Riegle to air charges on eve of the election.

Senate Banking Committee Chairman Donald W. Riegle Jr. said he is planning an election-eve hearing to investigate what he and other Democrats anticipate will be a wave of bank failures after Election Day.

The announcement prompted an angry response from Sen. Jake Garn, R-Utah, the committee's ranking minority member.

Accusing Sen. Riegle, a Michigan Democrat, of purely political motivation, Sen. Garn said the hearing was called on such short notice that he won't be able to attend. In fact, he said, he hasn't even formally been advised of the hearing but learned of it from news reports.

Sen. Riegle's initiative -- alongside related accusations Monday by House Banking Committee Chairman Henry B. Gonzalez, D-Tex., that the administration has not been forthcoming about industry problems -- has Republicans crying foul.

Sen. Garn said he knows of no compelling reason for holding a hearing during the congressional recess. It was not possible to get comment Monday from the banking panel's Democratic staff.

Some Democrats, including Sen. Riegle, have suggested that bank regulators are delaying the closings of a number of banks until after the election to avoid the appearance of an industry in deep trouble.

What they call the "December surprise" would amount to regulators' closing institutions that should have been shut earlier, these Democrats allege.

Law's Effect Cited

However, many observers, including Sen. Garn, have said the only reason to expect a wave a bank failures is because new requirements for prompt corrective action take effect Dec. 19.

Regulators will be required to begin closing institutions once their capital ratios fall below 2%. Until now, the government has generally not moved against institutions until they become insolvent.

"The point of it is, Congress passed the law," said Sen. Garn. "Congress put in the Dec. 19 date.

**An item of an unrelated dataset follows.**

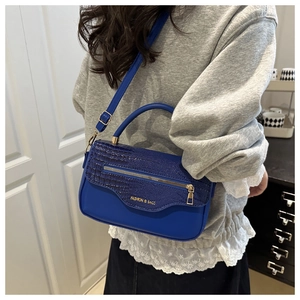 Détail du sac à main bleu motif crocodile avec zip métallique et texte mode porté épaule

To say it's surprise is ridiculous."

Andrew C. Hove Jr., acting chairman of the Federal Deposit Insurance Corp., also said the 2% rule "should come as no surprise." "We've not held off closing any institution," he told the American Bankers Association convention in Boston.

Sen. Garn, whose term expires in January and who is not running for reelection this fall, said Democrats have increasingly used the banking panel to bash the Bush administration. "I get more and more tired of it," the senior Republican said at the ABA convention.

In Washington, Rep. Gonzalez charged that a looming $72 billion bailout of the banking industry is being "swept under the rug" because of election-year politics.

"It is in the regulators' and the administration's best interest to play down the looming bank problem," the powerful Democrat said in a prepared statement. "Some in the banking industry and their bought-and-paid-for consultants have yet another motive -- to keep troubled institutions alive and make a buck."

Rep. Gonzalez said he derived the $72 billion figure from Office of Management and Budget data on the cost of bailing out failed banks for fiscal years 1992 through 1995.